Your assignment — Each line from the one holding "Commande chauffage BMW SERIE 3 F31" to the last line below must be restated word for word, and no picture may be included.
■ ■ ■ ■
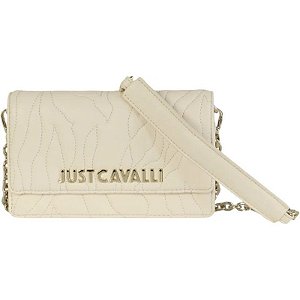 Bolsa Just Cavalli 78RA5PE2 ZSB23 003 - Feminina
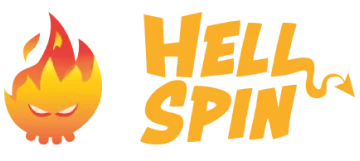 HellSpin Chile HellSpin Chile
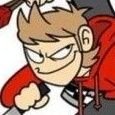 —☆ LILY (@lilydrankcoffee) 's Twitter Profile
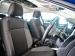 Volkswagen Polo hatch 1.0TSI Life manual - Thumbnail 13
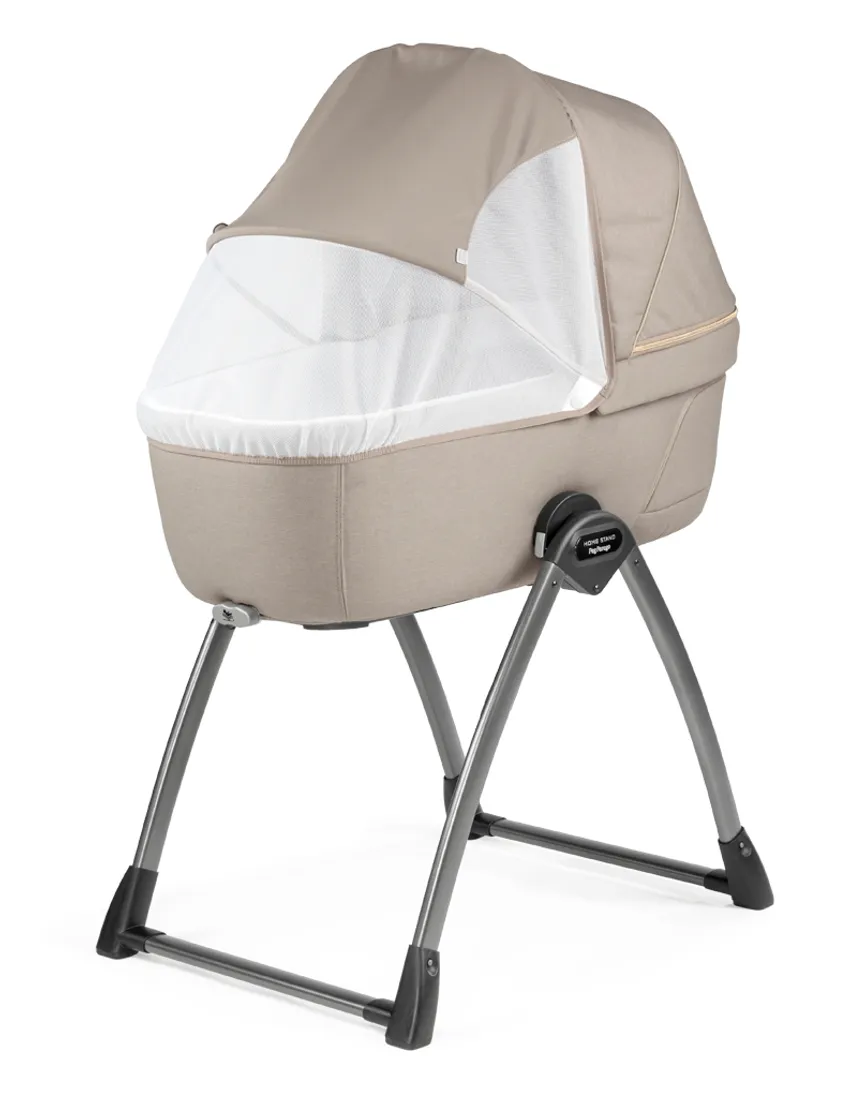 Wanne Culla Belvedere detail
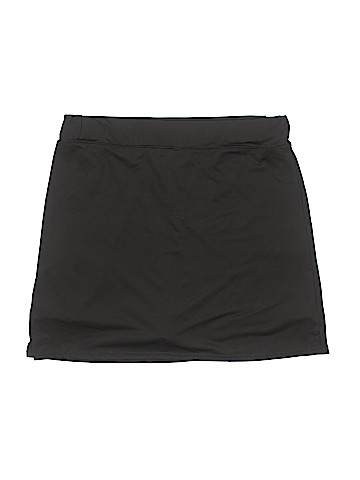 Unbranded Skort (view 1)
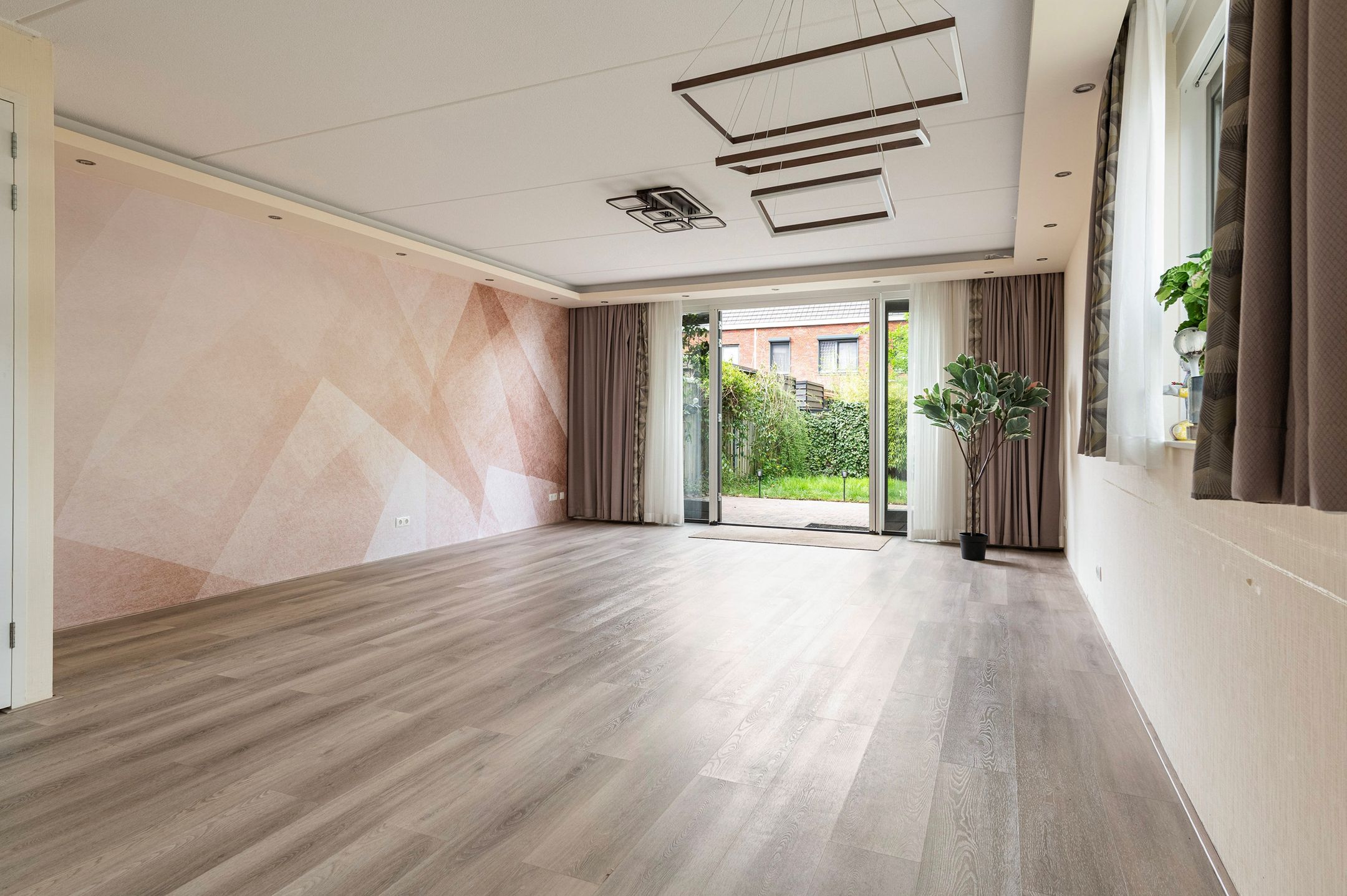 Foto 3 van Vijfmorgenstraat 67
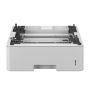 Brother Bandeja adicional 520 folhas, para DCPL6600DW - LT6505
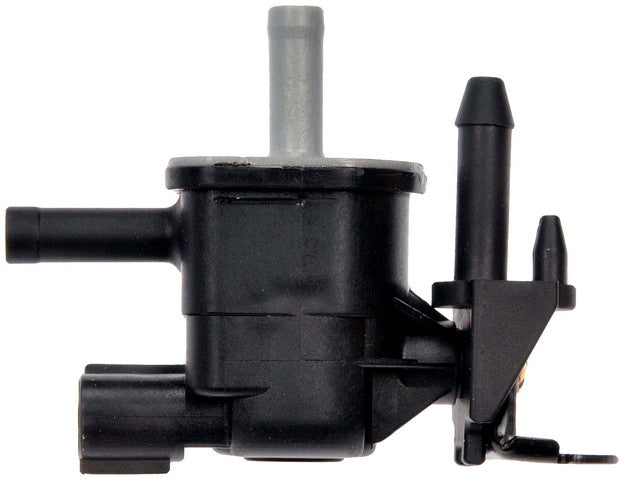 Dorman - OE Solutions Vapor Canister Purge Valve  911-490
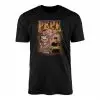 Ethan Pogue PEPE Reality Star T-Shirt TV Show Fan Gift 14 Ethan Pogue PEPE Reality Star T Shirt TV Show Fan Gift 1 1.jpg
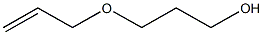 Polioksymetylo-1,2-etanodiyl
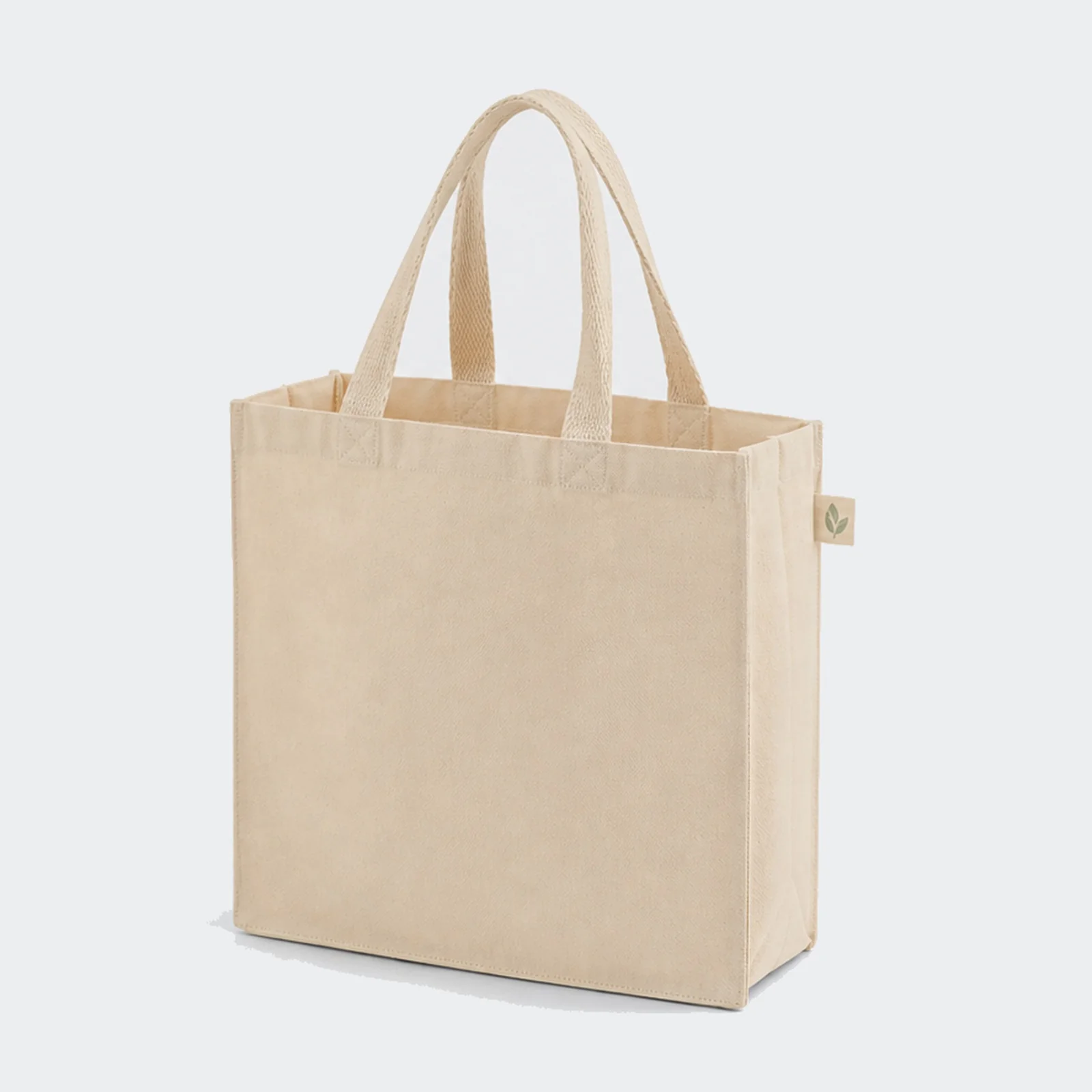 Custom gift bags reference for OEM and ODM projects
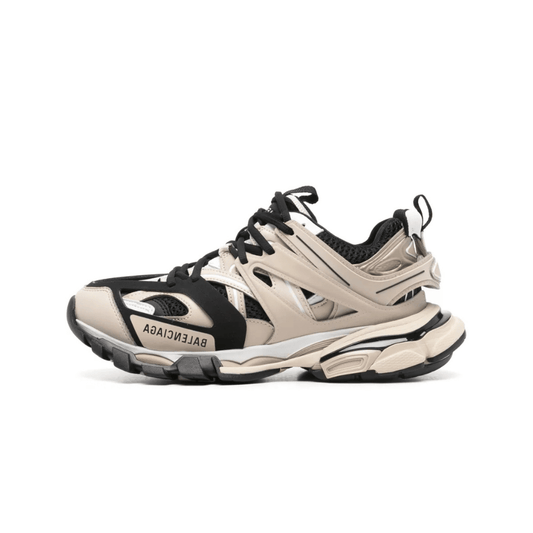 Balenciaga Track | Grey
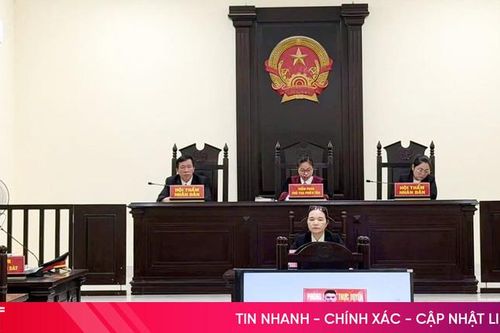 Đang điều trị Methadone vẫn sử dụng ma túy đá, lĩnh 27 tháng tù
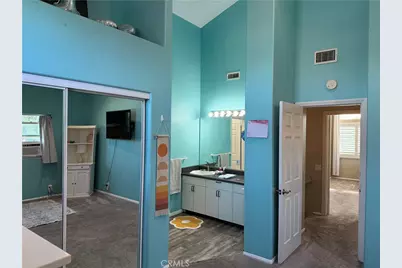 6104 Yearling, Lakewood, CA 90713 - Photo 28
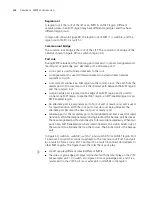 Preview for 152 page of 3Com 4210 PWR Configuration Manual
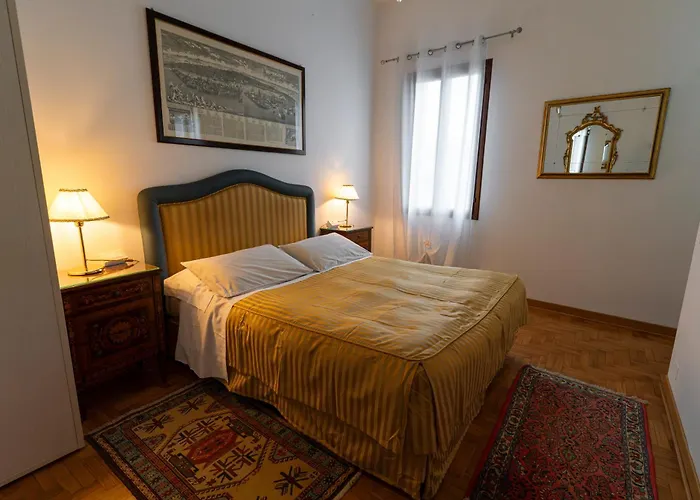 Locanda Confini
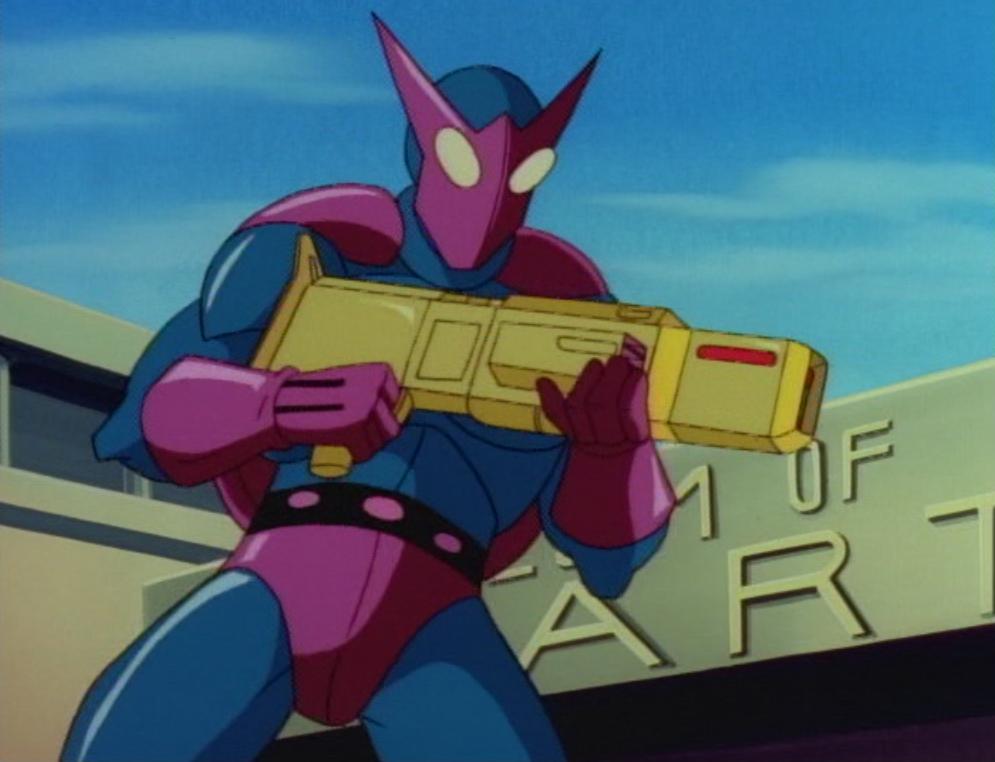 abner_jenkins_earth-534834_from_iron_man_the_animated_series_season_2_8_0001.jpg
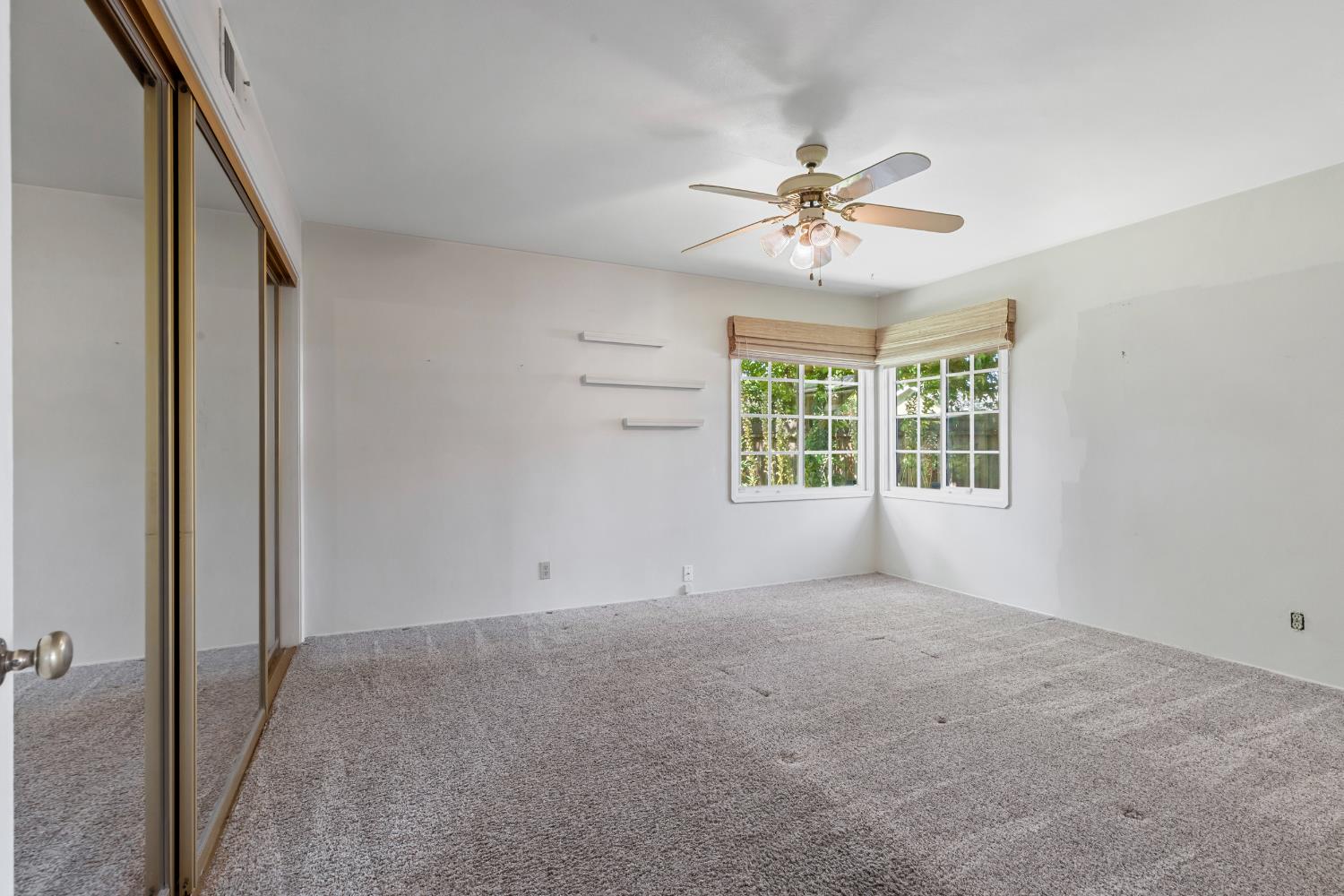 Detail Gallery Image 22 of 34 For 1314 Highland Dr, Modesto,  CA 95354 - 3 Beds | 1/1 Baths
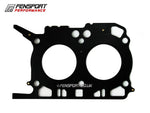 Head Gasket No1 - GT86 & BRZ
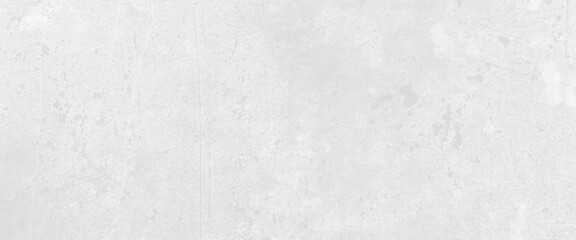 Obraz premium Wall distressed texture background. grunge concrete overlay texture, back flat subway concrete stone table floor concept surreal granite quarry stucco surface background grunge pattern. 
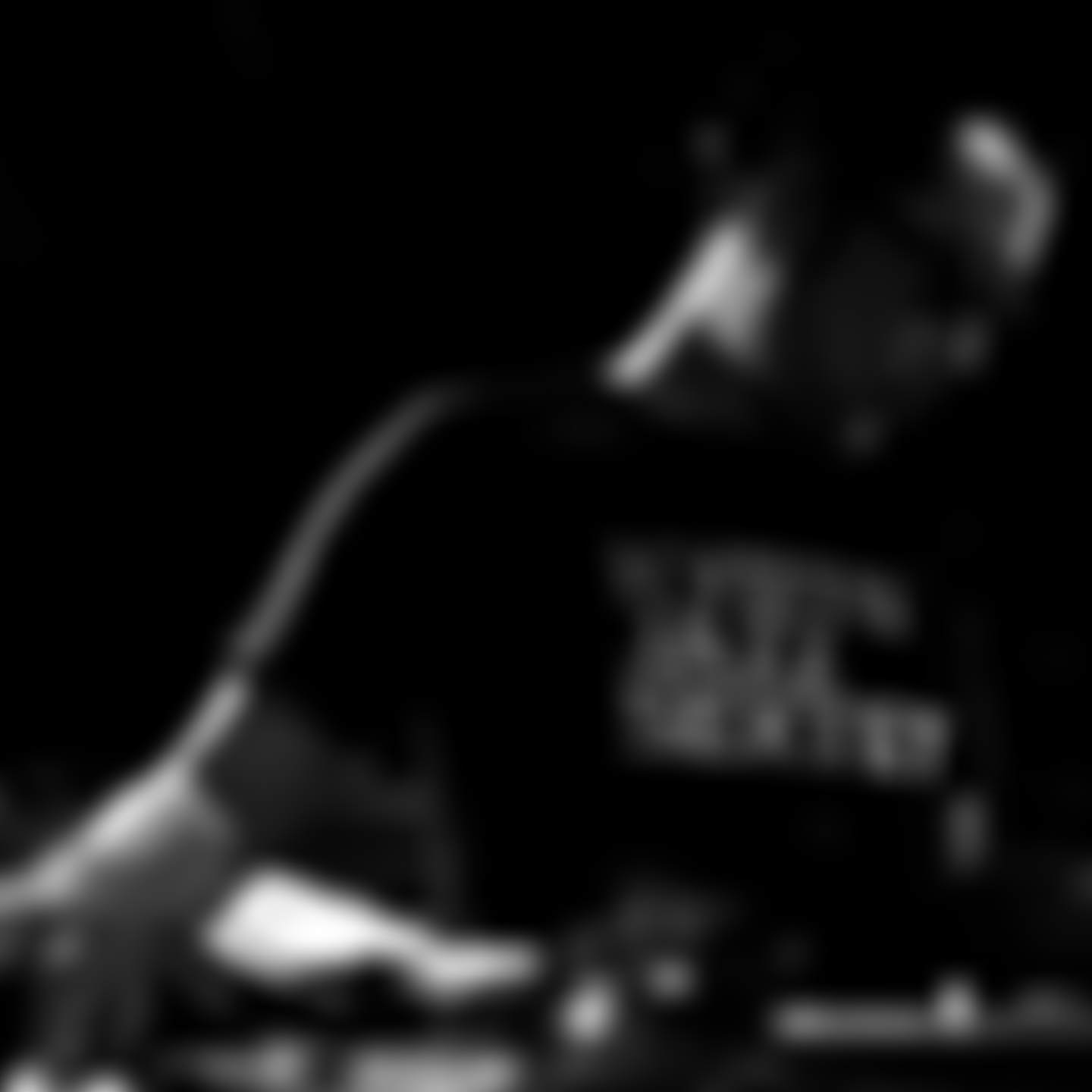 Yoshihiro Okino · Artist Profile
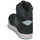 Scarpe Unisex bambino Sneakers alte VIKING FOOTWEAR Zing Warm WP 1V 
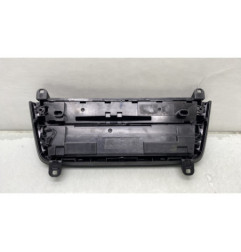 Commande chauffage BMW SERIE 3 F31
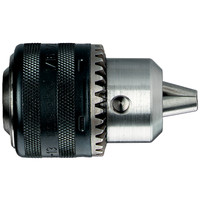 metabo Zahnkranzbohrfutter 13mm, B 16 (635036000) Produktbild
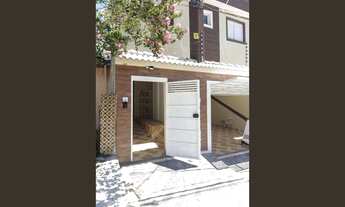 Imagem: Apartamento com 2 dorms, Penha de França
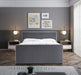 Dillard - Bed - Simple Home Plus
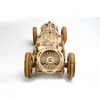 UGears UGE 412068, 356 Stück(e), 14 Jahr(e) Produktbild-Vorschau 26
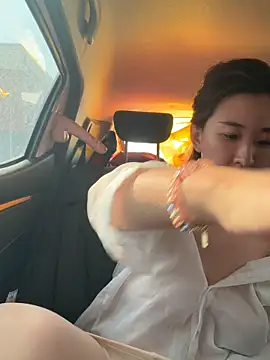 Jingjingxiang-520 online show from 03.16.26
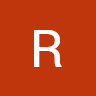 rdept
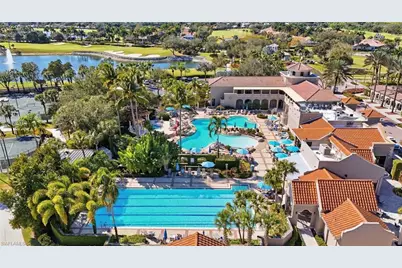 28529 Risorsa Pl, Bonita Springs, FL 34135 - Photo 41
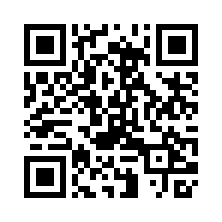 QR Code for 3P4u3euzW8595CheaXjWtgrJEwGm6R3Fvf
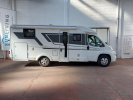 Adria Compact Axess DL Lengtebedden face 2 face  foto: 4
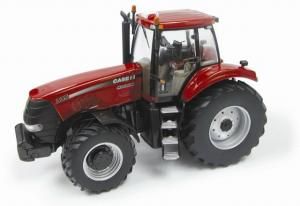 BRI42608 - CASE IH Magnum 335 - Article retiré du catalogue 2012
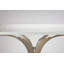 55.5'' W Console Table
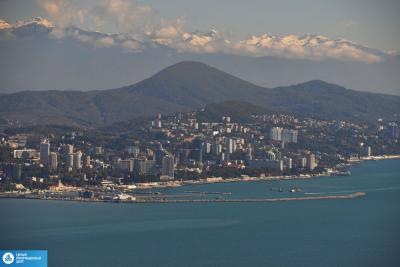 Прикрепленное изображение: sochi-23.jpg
■ ■ ■ ■
Solution to this exercise —
 Commande chauffage BMW SERIE 3 F31
 metabo Zahnkranzbohrfutter 13mm, B 16 (635036000) Produktbild
 Imagem: Apartamento com 2 dorms, Penha de França
 Dillard - Bed - Simple Home Plus
 UGears UGE 412068, 356 Stück(e), 14 Jahr(e) Produktbild-Vorschau 26
 Jingjingxiang-520 online show from 03.16.26
 rdept
 28529 Risorsa Pl, Bonita Springs, FL 34135 - Photo 41
 QR Code for 3P4u3euzW8595CheaXjWtgrJEwGm6R3Fvf
 Adria Compact Axess DL Lengtebedden face 2 face  foto: 4
 BRI42608 - CASE IH Magnum 335 - Article retiré du catalogue 2012
 55.5'' W Console Table
 Прикрепленное изображение: sochi-23.jpg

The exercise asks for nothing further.